I'm trying to show that $R = \mathbb{Q}[X,Y]/(Y^2-X^3)$ is not a UFD, but I got stuck.
To prove this, I could try to find two "different" factorisations for one element, but I am not familiar with this, so I tried to use a lemma and one of the previous exercises. If my syllabus is right, in every UFD counts $$ x \ \text{is irreducible} \quad \iff \quad x \ \text{is prime}$$ My syllabus also states that the elements $\bar{X}, \bar{Y} \in R$ are irreducible.

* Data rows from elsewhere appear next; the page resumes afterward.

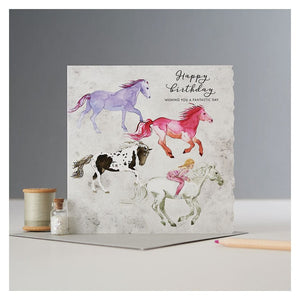 Deckled edge fanciful dolomite card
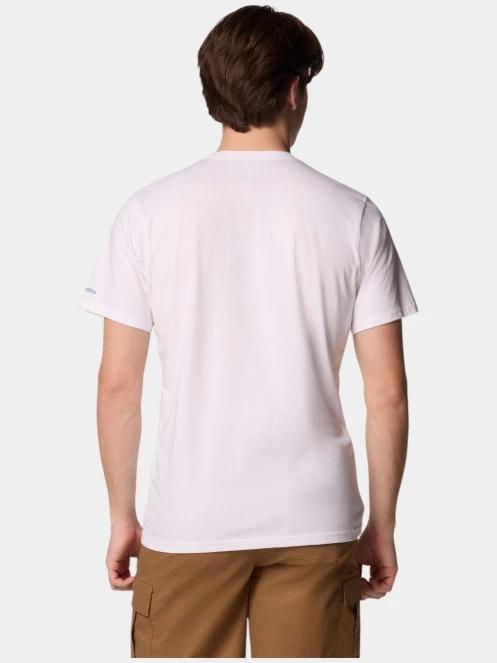 tricou cu maneci scurte pt. barbati Columbia CSC Seasonal Logo Tee alb 5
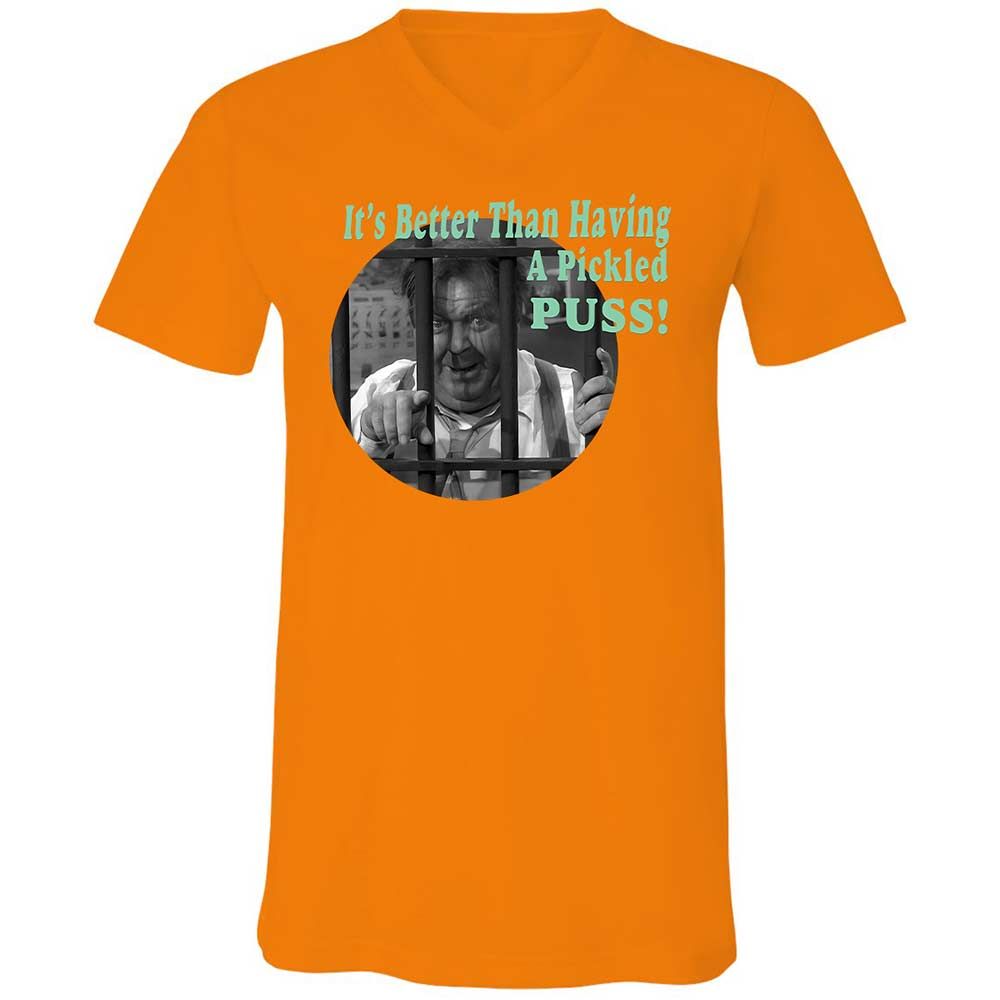 Unisex V-Neck T-Shirt - 4NK3H2BA - Orange - 7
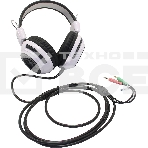 Наушники с микрофоном Oklick HS-G300 белый/черный 2.5м мониторы, фото 1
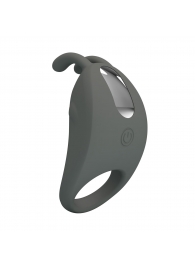 Серое эрекционное кольцо с вибрацией Master Ring - Baile - в Томске купить с доставкой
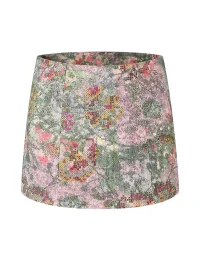 Oofy Molee | Floral Sequin Embroidered Low-Rise Mini Skirt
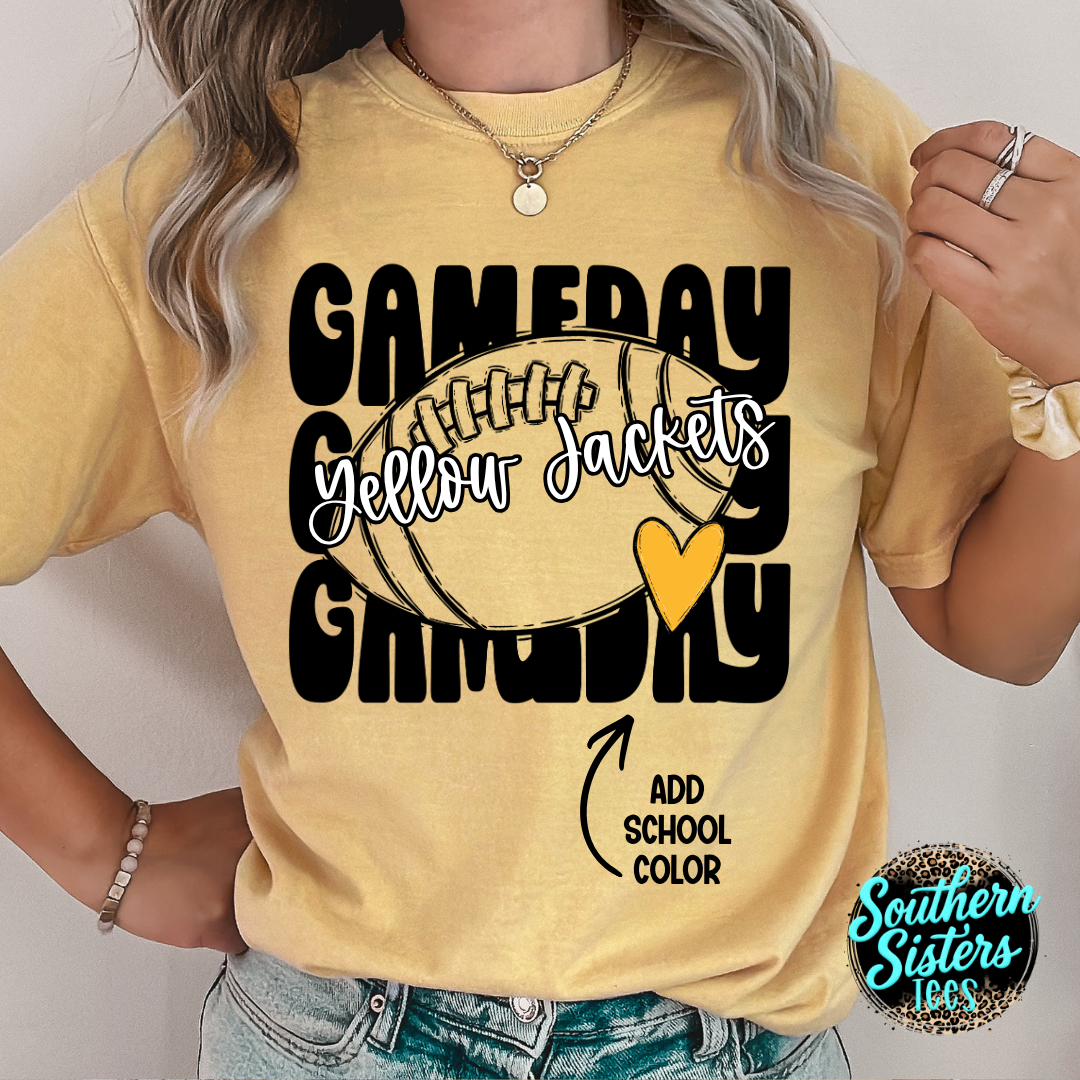 Gameday Football Mascot Tee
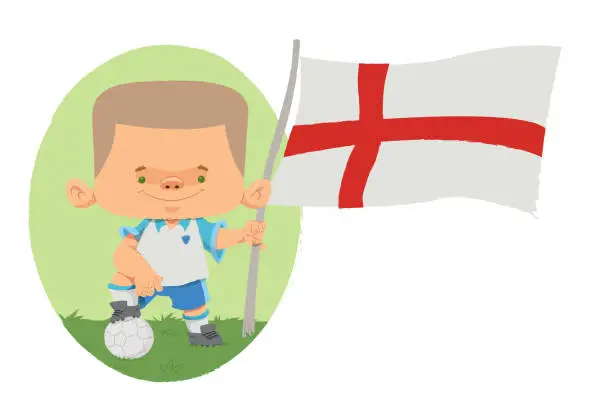 Vector illustration of Footballer (England)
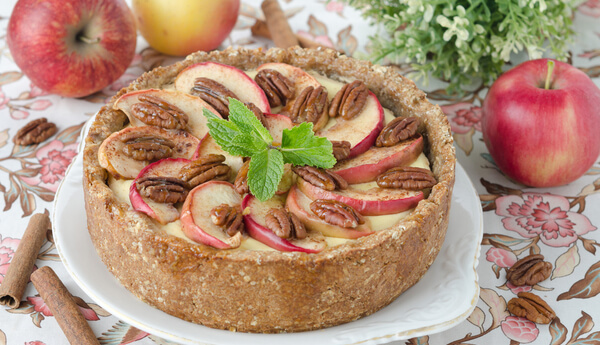 Caramel Apple Pecan Cheesecake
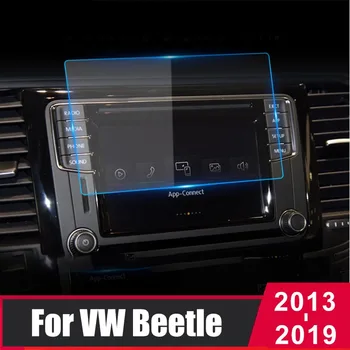 

for Volkswagen VW Beetle 2012~2019 Tempered Glass Car Navigation Screen Protector LCD Touch Display Screen film Anti Scratch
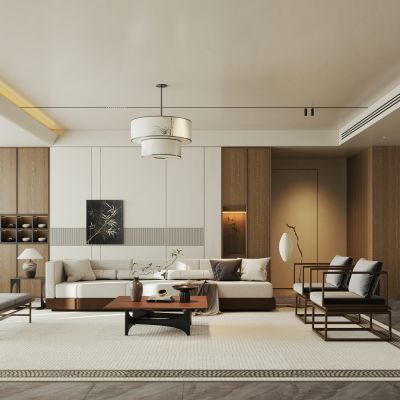 新中式客餐厅 宋式客餐厅 横厅 大平层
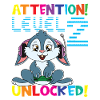 Attention Level 2 Unlocked Birthday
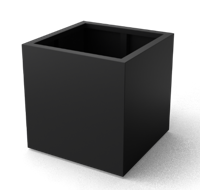 Quadrus vierkante Aluminium plantenbakken Lengte: 800 Breedte: 800 Hoogte: 800 - Geroba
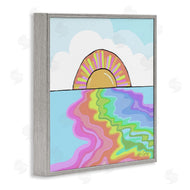 Katie Conley | Swirling Rainbow on Sea Surface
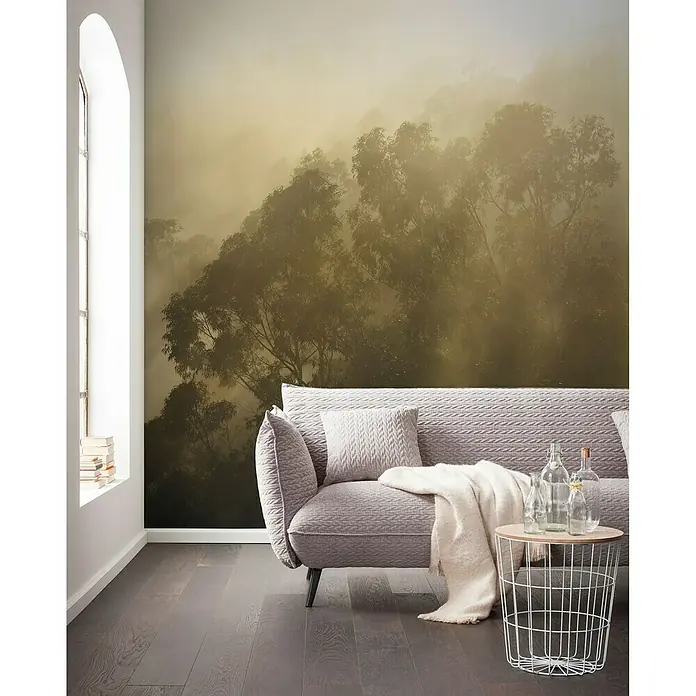 Komar Stefan Hefele Edition 1 Fototapete Misty Mountain - 4 -tlg., B x H: 400 x 250 cm, Vlies - Stimmungsaufnahme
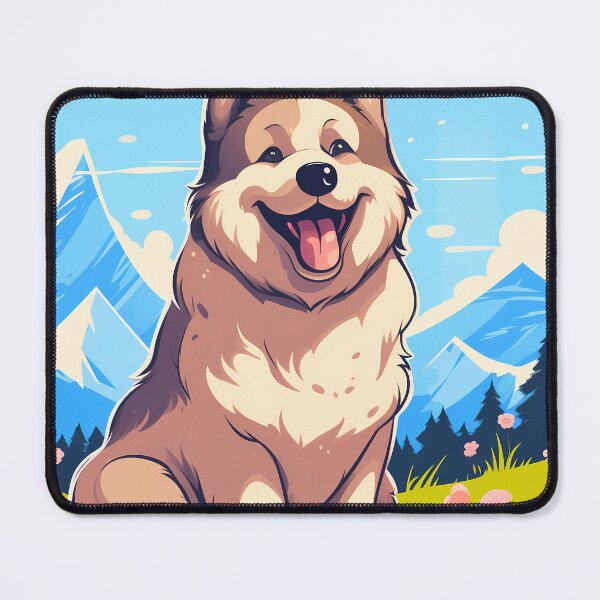 Item preview, Cute alaskan malamute dog breed puppy in the mountains illustration designed and sold by NBSStore.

So I tried to show that at least one of the elements $\bar{X}, \bar{Y} \in R$ does not generate a prime ideal.
This would mean that I should find two polynomials $f,g \in \mathbb{Q}[X,Y]$, such that $$\exists p \in \mathbb{Q}[X,Y], \quad fg - pX \in (Y^2-X^3)$$ and $$\forall q \in \mathbb{Q}[X,Y], \quad f-qX \notin (Y^2-X^3) \ \wedge \ g-qX \notin(Y^2-X^3)$$ or the same thing but then for $Y$.
I hope that you can tell me if this approach is correct, and provide me a hint. I'd appreciate it if you told me the solution, but please start your answer with a hint, clearly separated from the rest.